#### Action item
Return all of the data exactly, with nothing left out but the pictures.

#### Records for processing
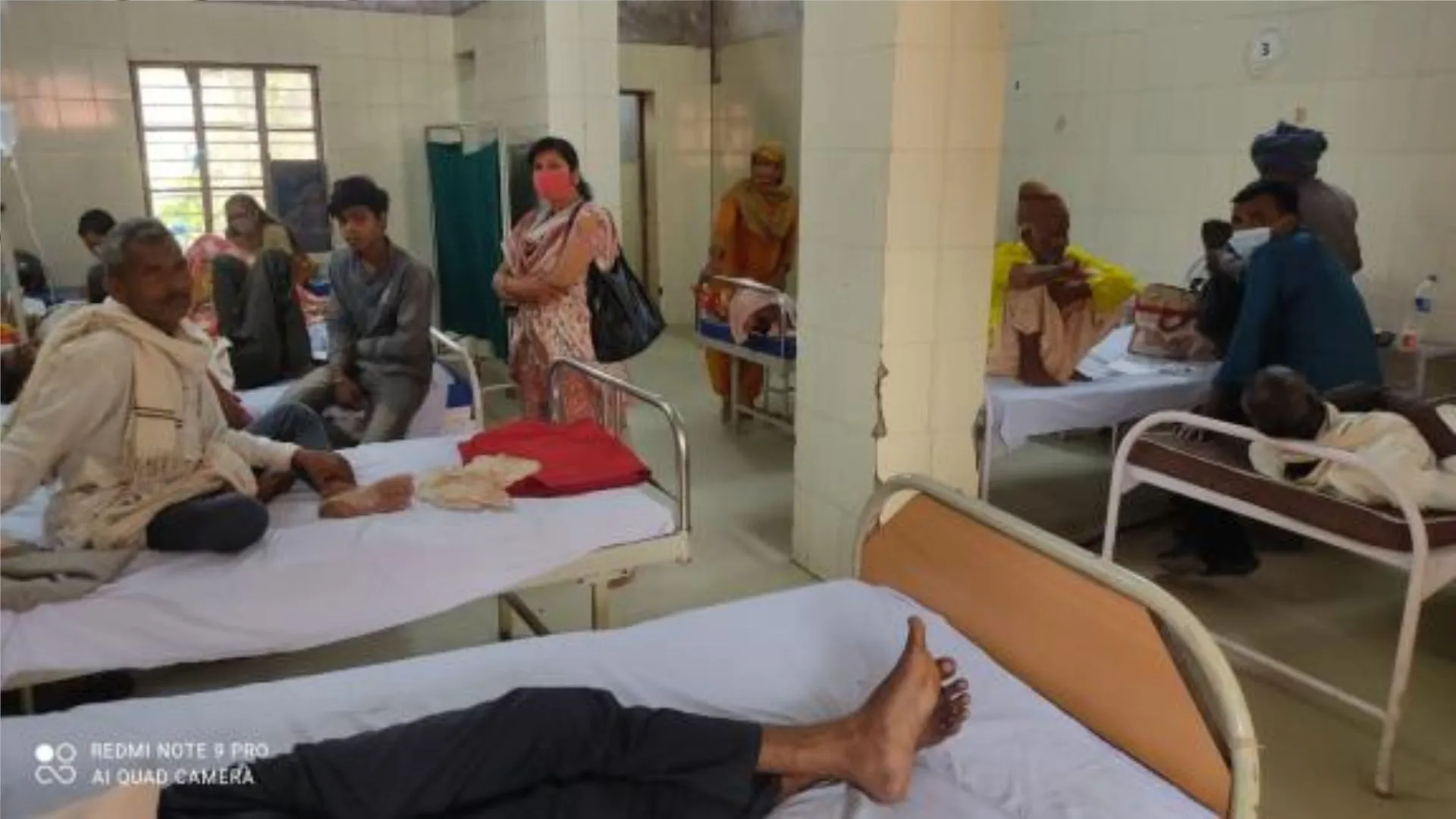 बरेली: लापरवाही! नए केस निकल रहे फिर भी कोविड गाइडलाइन की उड़ा रहे धज्जियां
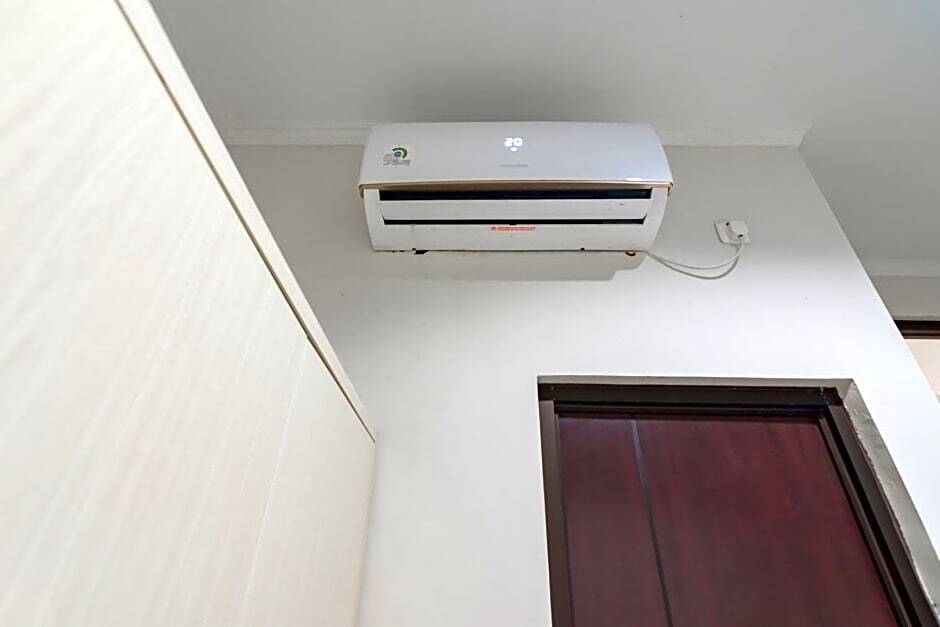 Караванг: Putri Residence Karawang RedPartner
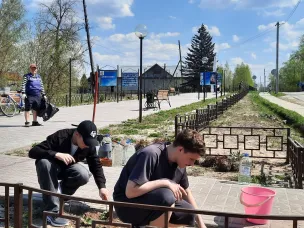 В Мурзицах навели порядок у памятника героям Великой Отечественной войны 1941 – 1945 гг.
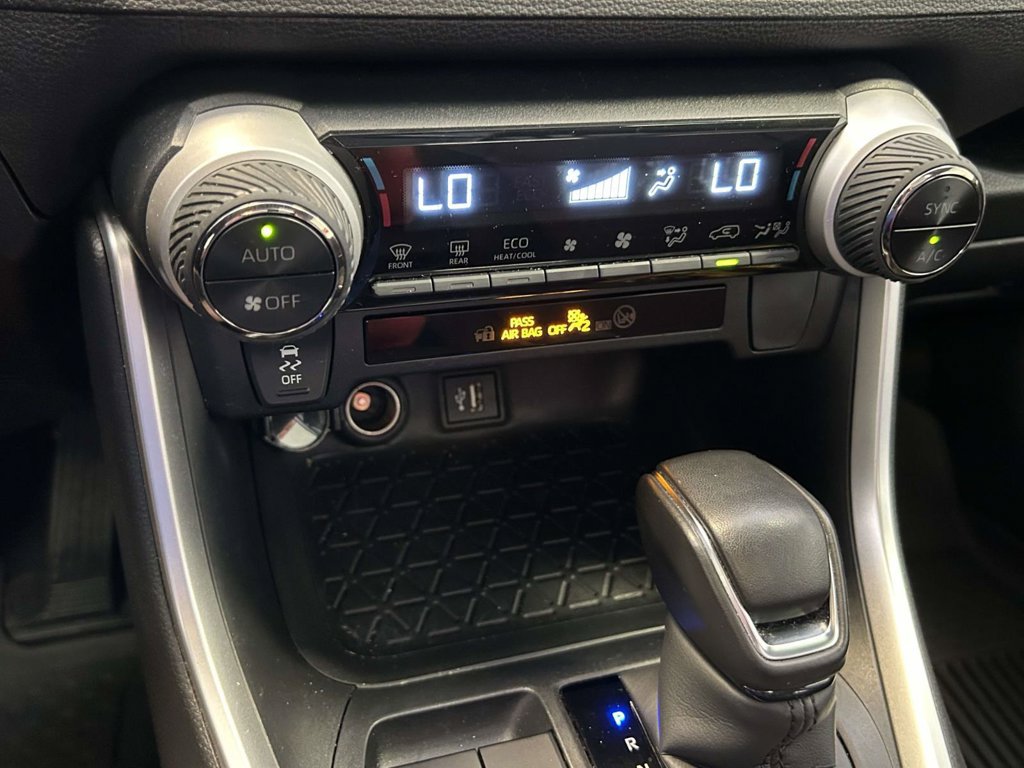 Certified 2025 Toyota RAV4 XLE Premium AWD/4WD image 25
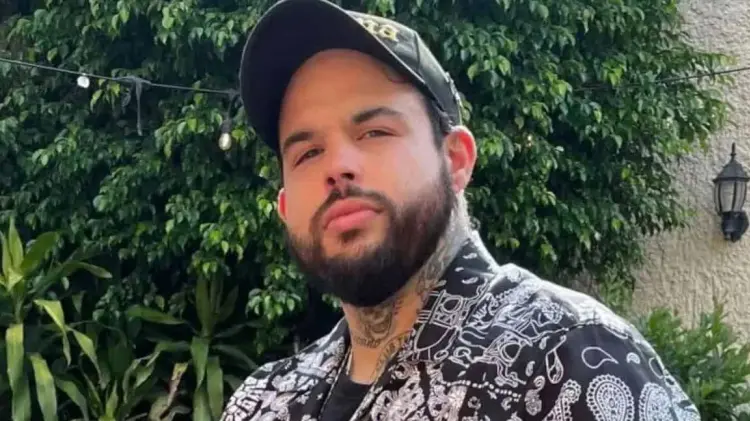 Emiliano Aguilar dedica foto a Christian Nodal con indirecta polémica.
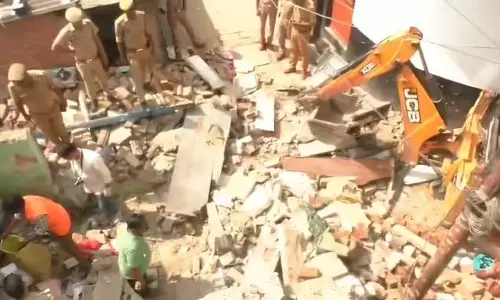 सिलेंडर से गैस लीक, मकान ढहने से दो लोगों की मौत सिलेंडर से गैस लीक, मकान ढहने से दो लोगों की मौत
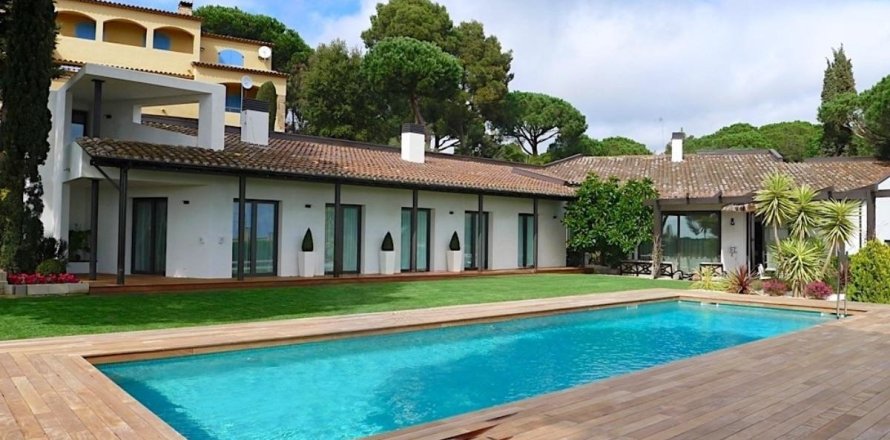 Дом в Калонже, Герона, Испания 6 спален,  №140834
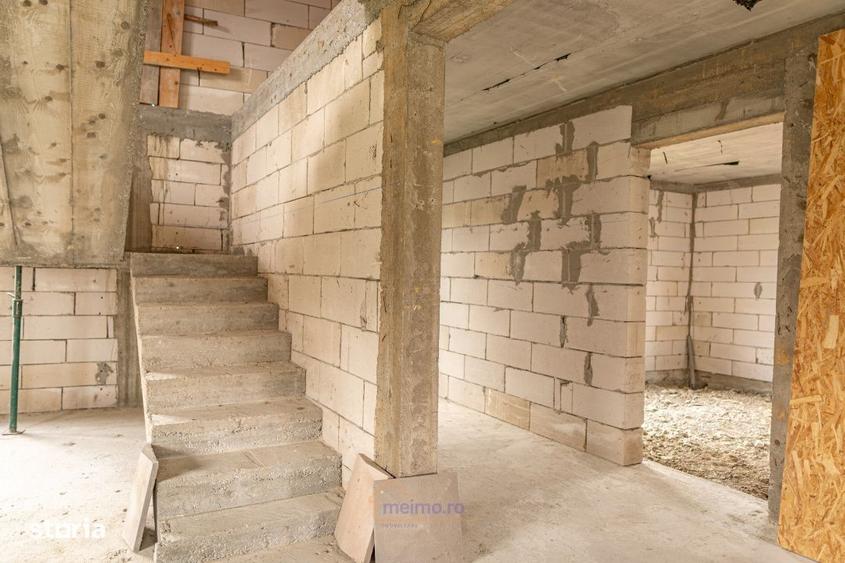 Casă cu 4 camere cu Teren 1440 Mp în Cernu
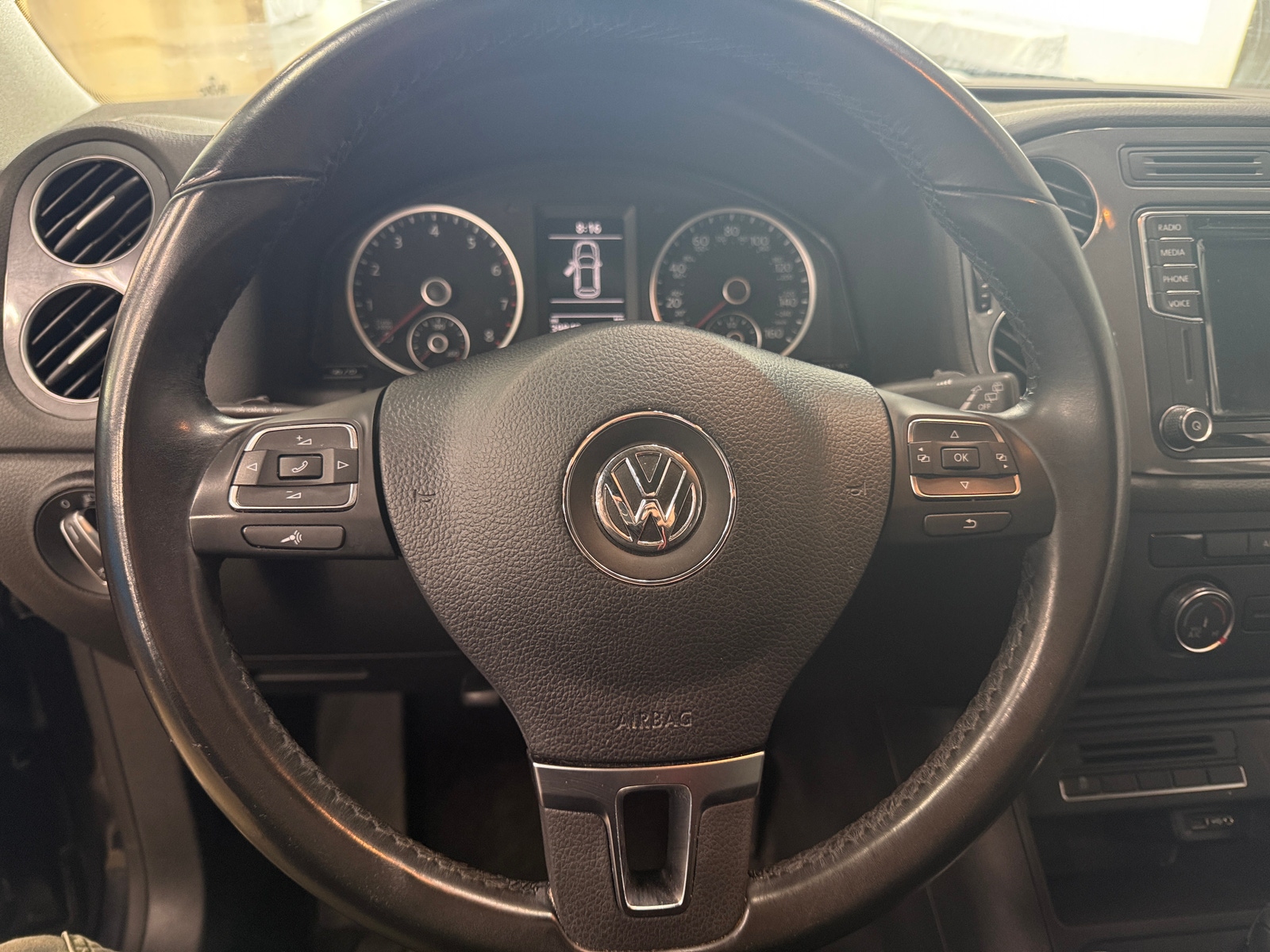 Thumbnail: 2018 Volkswagen Tiguan - 5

#### Completed task
 बरेली: लापरवाही! नए केस निकल रहे फिर भी कोविड गाइडलाइन की उड़ा रहे धज्जियां
 Караванг: Putri Residence Karawang RedPartner
 В Мурзицах навели порядок у памятника героям Великой Отечественной войны 1941 – 1945 гг.
 Certified 2025 Toyota RAV4 XLE Premium AWD/4WD image 25
 Emiliano Aguilar dedica foto a Christian Nodal con indirecta polémica.
 सिलेंडर से गैस लीक, मकान ढहने से दो लोगों की मौत सिलेंडर से गैस लीक, मकान ढहने से दो लोगों की मौत
 Дом в Калонже, Герона, Испания 6 спален,  №140834
 Casă cu 4 camere cu Teren 1440 Mp în Cernu
 Thumbnail: 2018 Volkswagen Tiguan - 5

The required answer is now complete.